*** Opening of EXTRACTED MATERIAL ***
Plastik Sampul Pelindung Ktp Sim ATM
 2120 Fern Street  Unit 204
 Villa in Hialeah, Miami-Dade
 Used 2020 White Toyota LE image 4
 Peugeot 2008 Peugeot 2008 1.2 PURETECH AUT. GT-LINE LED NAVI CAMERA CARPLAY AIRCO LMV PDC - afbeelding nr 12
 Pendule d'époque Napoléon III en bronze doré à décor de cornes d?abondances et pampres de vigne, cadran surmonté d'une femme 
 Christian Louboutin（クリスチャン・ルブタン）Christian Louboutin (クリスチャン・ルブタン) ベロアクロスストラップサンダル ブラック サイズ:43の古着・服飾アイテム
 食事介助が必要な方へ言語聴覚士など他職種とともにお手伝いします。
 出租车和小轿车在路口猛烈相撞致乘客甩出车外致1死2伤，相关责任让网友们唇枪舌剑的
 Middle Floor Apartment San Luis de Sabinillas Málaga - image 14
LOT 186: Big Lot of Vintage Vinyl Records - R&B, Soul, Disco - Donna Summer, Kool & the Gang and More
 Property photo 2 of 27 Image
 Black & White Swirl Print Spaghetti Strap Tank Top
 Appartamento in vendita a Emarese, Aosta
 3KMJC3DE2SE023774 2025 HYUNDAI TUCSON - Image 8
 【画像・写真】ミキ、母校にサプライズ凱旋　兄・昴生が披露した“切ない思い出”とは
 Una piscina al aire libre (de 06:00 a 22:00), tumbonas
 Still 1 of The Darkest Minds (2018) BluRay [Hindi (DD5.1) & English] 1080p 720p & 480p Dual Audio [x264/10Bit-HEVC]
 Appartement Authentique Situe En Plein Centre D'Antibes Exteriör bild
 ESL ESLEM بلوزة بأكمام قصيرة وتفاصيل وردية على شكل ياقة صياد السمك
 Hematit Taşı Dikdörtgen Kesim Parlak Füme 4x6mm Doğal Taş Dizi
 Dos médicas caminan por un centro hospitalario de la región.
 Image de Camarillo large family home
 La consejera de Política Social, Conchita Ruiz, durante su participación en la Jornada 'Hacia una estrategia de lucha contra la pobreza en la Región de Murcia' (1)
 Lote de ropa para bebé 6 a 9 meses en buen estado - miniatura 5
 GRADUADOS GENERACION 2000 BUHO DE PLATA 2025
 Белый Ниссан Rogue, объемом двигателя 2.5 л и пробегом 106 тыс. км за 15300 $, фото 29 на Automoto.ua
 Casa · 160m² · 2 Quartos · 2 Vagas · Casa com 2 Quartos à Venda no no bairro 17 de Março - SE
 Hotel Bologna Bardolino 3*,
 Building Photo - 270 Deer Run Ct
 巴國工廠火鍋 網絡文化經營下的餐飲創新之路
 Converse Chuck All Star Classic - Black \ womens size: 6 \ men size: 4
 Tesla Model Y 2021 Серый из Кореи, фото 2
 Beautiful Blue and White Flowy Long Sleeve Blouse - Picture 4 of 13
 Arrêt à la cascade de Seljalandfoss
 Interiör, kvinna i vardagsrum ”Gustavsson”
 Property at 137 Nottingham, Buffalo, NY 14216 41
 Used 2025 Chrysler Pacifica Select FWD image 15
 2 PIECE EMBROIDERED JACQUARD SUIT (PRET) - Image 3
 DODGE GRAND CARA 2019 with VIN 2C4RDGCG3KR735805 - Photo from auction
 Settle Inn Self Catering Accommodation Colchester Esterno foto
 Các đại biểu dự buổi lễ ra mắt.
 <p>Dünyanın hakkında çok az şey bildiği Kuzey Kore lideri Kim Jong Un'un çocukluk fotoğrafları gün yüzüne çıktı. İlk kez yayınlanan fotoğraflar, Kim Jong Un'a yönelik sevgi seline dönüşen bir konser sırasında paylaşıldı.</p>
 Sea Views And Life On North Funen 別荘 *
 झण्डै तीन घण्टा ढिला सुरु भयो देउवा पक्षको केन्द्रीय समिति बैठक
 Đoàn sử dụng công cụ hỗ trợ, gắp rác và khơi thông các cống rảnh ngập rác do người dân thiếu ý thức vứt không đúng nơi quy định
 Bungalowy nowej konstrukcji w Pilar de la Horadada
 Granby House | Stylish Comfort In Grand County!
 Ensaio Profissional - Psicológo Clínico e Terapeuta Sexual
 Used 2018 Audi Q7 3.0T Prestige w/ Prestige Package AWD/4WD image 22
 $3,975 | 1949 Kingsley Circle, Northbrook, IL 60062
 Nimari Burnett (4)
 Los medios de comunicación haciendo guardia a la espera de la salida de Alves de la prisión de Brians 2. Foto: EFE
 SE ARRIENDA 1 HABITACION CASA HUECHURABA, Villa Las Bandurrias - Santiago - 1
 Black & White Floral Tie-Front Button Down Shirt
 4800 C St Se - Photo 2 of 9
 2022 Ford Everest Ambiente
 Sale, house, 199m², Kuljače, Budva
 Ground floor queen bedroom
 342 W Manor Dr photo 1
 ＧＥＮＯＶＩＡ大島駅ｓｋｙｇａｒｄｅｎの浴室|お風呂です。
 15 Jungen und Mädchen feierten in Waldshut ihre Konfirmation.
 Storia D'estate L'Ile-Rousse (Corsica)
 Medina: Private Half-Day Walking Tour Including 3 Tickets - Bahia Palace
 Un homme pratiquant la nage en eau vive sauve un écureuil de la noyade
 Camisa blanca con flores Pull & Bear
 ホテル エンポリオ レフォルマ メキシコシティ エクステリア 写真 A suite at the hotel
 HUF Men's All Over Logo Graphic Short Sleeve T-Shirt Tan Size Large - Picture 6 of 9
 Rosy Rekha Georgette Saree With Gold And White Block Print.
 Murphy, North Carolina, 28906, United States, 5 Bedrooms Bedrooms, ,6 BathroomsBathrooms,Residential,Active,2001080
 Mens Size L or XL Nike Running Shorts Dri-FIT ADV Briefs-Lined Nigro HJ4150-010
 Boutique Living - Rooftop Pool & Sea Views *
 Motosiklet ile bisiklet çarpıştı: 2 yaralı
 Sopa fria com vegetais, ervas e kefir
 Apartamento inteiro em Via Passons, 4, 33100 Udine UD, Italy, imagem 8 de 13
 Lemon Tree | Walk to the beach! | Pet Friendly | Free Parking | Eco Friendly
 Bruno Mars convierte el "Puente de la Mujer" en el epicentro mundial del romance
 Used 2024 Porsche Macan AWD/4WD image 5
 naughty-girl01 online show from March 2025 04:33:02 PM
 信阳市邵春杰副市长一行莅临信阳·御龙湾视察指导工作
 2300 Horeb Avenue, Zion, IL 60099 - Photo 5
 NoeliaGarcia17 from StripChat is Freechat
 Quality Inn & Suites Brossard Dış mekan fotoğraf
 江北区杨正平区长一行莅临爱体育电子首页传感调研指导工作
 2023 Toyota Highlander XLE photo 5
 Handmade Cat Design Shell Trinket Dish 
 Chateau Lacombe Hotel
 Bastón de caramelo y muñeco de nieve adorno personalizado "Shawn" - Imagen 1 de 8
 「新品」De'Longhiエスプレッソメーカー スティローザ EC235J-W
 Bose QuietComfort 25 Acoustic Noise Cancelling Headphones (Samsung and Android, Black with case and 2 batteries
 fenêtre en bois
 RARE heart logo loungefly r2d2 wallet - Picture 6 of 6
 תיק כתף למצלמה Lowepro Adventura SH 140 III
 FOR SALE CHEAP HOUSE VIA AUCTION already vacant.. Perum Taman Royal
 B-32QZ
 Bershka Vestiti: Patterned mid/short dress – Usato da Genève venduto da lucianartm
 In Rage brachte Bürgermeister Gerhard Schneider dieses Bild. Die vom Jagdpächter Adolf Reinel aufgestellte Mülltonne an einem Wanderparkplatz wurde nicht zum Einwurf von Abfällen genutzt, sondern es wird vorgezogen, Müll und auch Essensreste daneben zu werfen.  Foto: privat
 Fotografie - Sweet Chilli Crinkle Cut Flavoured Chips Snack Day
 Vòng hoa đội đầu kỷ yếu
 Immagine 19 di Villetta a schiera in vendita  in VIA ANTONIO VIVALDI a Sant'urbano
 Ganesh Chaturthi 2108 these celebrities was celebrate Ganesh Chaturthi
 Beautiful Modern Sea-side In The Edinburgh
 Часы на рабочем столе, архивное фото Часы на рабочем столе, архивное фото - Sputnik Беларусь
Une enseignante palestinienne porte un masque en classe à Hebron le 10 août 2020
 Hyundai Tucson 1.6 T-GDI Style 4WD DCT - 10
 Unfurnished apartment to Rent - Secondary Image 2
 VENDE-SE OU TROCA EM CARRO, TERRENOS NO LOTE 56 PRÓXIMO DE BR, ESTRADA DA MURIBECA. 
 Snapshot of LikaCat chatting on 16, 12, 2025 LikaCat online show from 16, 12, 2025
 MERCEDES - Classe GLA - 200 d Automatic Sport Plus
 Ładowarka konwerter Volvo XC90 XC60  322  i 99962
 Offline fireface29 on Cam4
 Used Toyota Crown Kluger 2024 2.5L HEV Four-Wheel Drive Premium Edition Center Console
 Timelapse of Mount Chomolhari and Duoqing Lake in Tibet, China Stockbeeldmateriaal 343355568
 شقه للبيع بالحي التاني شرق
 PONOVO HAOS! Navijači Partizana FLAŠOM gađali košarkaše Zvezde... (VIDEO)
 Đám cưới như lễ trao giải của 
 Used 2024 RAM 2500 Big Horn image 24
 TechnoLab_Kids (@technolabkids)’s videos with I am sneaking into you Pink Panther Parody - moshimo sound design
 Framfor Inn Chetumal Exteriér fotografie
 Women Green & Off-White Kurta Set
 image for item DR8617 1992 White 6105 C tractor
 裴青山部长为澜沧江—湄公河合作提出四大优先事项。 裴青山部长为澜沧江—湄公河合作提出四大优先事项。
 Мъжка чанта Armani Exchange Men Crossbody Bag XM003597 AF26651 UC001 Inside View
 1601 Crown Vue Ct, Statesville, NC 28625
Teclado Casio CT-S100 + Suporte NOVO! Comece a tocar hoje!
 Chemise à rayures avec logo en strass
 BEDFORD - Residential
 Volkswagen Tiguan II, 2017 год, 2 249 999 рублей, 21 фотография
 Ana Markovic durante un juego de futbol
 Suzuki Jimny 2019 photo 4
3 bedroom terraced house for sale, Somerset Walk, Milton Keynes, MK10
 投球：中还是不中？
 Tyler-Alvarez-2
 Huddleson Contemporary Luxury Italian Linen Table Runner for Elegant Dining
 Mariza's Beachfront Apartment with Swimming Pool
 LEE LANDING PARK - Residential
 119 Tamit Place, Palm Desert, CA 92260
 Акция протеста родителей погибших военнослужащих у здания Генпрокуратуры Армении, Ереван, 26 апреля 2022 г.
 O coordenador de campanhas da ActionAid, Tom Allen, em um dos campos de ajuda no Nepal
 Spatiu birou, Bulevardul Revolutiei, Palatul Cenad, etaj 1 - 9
*** Close of EXTRACTED MATERIAL ***
EXERCISE OBJECTIVE.
Only one part of the material above is to be transcribed, namely the lines starting with the line that has "2022 Ford Everest Ambiente" and going on through the line that has "fenêtre en bois", exactly as they stand.

RESULT BELOW.
 2022 Ford Everest Ambiente
 Sale, house, 199m², Kuljače, Budva
 Ground floor queen bedroom
 342 W Manor Dr photo 1
 ＧＥＮＯＶＩＡ大島駅ｓｋｙｇａｒｄｅｎの浴室|お風呂です。
 15 Jungen und Mädchen feierten in Waldshut ihre Konfirmation.
 Storia D'estate L'Ile-Rousse (Corsica)
 Medina: Private Half-Day Walking Tour Including 3 Tickets - Bahia Palace
 Un homme pratiquant la nage en eau vive sauve un écureuil de la noyade
 Camisa blanca con flores Pull & Bear
 ホテル エンポリオ レフォルマ メキシコシティ エクステリア 写真 A suite at the hotel
 HUF Men's All Over Logo Graphic Short Sleeve T-Shirt Tan Size Large - Picture 6 of 9
 Rosy Rekha Georgette Saree With Gold And White Block Print.
 Murphy, North Carolina, 28906, United States, 5 Bedrooms Bedrooms, ,6 BathroomsBathrooms,Residential,Active,2001080
 Mens Size L or XL Nike Running Shorts Dri-FIT ADV Briefs-Lined Nigro HJ4150-010
 Boutique Living - Rooftop Pool & Sea Views *
 Motosiklet ile bisiklet çarpıştı: 2 yaralı
 Sopa fria com vegetais, ervas e kefir
 Apartamento inteiro em Via Passons, 4, 33100 Udine UD, Italy, imagem 8 de 13
 Lemon Tree | Walk to the beach! | Pet Friendly | Free Parking | Eco Friendly
 Bruno Mars convierte el "Puente de la Mujer" en el epicentro mundial del romance
 Used 2024 Porsche Macan AWD/4WD image 5
 naughty-girl01 online show from March 2025 04:33:02 PM
 信阳市邵春杰副市长一行莅临信阳·御龙湾视察指导工作
 2300 Horeb Avenue, Zion, IL 60099 - Photo 5
 NoeliaGarcia17 from StripChat is Freechat
 Quality Inn & Suites Brossard Dış mekan fotoğraf
 江北区杨正平区长一行莅临爱体育电子首页传感调研指导工作
 2023 Toyota Highlander XLE photo 5
 Handmade Cat Design Shell Trinket Dish 
 Chateau Lacombe Hotel
 Bastón de caramelo y muñeco de nieve adorno personalizado "Shawn" - Imagen 1 de 8
 「新品」De'Longhiエスプレッソメーカー スティローザ EC235J-W
 Bose QuietComfort 25 Acoustic Noise Cancelling Headphones (Samsung and Android, Black with case and 2 batteries
 fenêtre en bois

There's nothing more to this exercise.